If you want to see the descriptive statistics of all column variables containing different data types, simply include dataframe.describe(include=‘all’)

Luckily, in our case, we don’t have any outliers in the data. We can determine outliers using the following steps:

Look for the mean of the column variable
Look for the min, 25%, 50%, 75% and max row variables.

The 25%, 55%, and 75% signifies that 25% of the data falls below 1772.00, 55% of the data falls below 1864, and 75% of the data falls below 1934 SAT scores respectively.

If the max value of the variable is far away from the mean then, we can say that outlier(s) is present in that particular column.

The SAT and GPA variables don’t have any outliers as the max observation is situated around the mean. If the max observation of SAT is 40000.00, then we can say that outlier is present and we have to remove that outlier.

4. Create Your First Linear Regression

Declare the Dependent and Independent Variables

To create a linear regression, you’ll have to define the dependent (targets) and the independent variable(s) (inputs/features).

We have to predict GPA based on SAT scores, so our dependent variable would be GPA and the independent variable would be SAT.

To declare so, we can use the following command:

dataframe[‘column_name’]

Explore the Data

We can plot the data using:

matplotlib.pyplot(independent variable, dependent variable)

(pyplot arguments — The first argument would be the data to be plotted on the x-axis, and the second argument would be the data to be plotted on the y-axis).

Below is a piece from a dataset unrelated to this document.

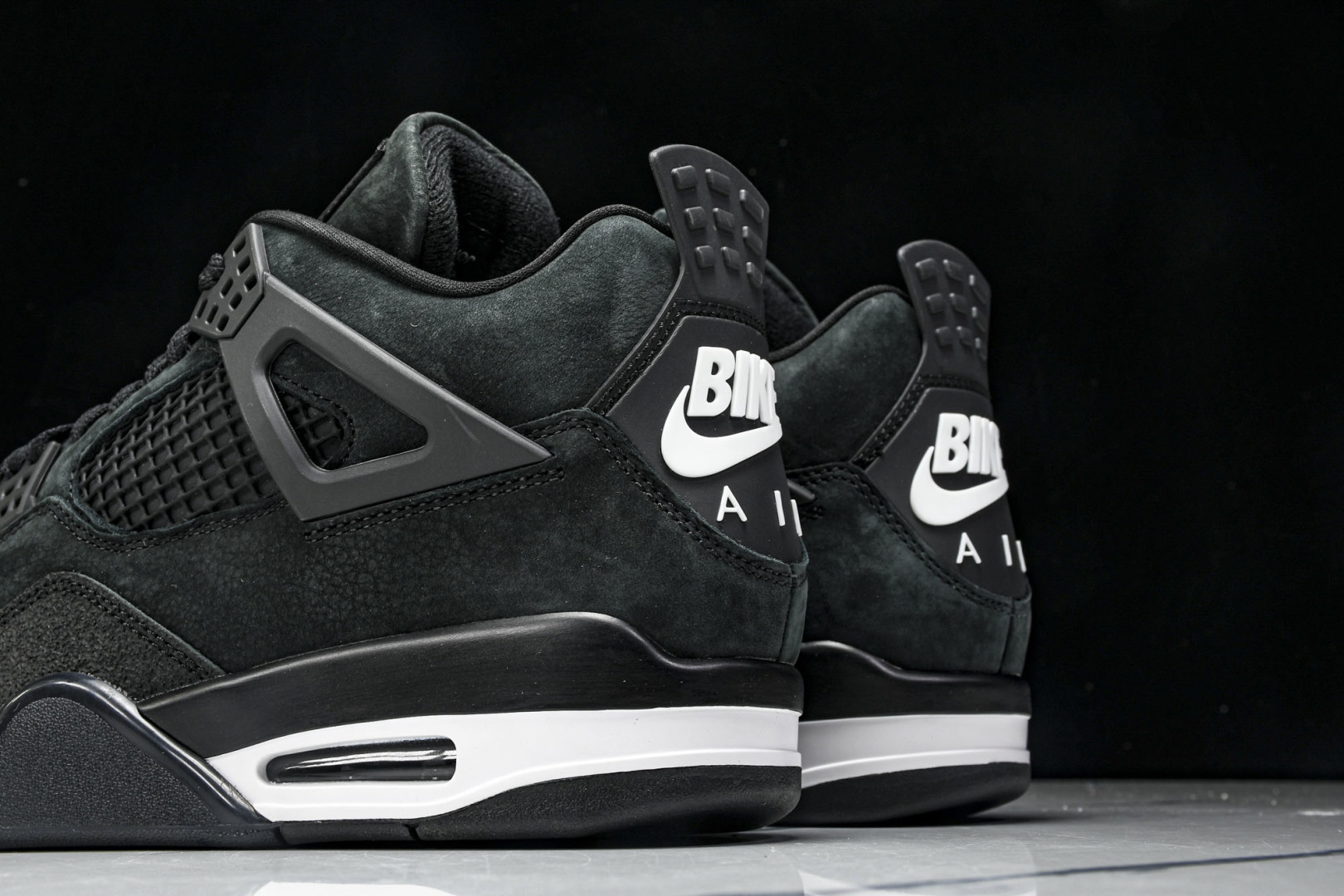 AJ14 尺码40-47.5

纯原版出品-Nigel Sylvester x Air Jordan 4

We can see that, as the SAT scores increase, so do the GPA scores. Hence, we can say that there is a linear trend between the two variables.

Linear Regression

Now let’s play with our best friend, statsmodels.

To perform a linear regression we should always add the bias term or the intercept (b0). We can do this using the following method:

 statsmodels.add_constant(independent_variable)

It’d create a new bias column equal in length to the independent variable, which consists only of 1's.

Let’s fit the Linear Regression model using the Ordinary Least Squares (OLS) model with the dependent variable and an independent variable as the arguments.

And finally, let's print the summary table:

It’d create 3 tables and we are mostly interested in the 2nd table which contains the coefficients, p-values, etc.

From the summary table, we can say that the intercept (const) coefficient is 0.275 and the independent variable coefficient is 0.0017 (signifies if SAT increases by 1 units, GPA increases by 0.0017 units)

If the p-value of the independent variable/s is greater than 0.050, we say that the variable is not significant and we may drop the variable. In our case, the p-value of SAT is 0.000 and as it is lesser than 0.050, we can say that this variable is significant. [Also, if we think logically, SAT is a significant variable to predict GPA]

And finally, the R-squared, R² is nothing but the goodness of the fit of the model. In other words, how well our model fitted the observation. R² ranges between 0 and 1. There is no clear universal range for the best R² but, it depends on a case-to-case basis.

Adjusted R² on the other hand, is a modified version of R-squared that has been adjusted for the number of predictors (inputs) in the model. The adjusted R-squared increases when the new independent term improves the model more than would be expected by chance. It decreases when a predictor improves the model by less than expected.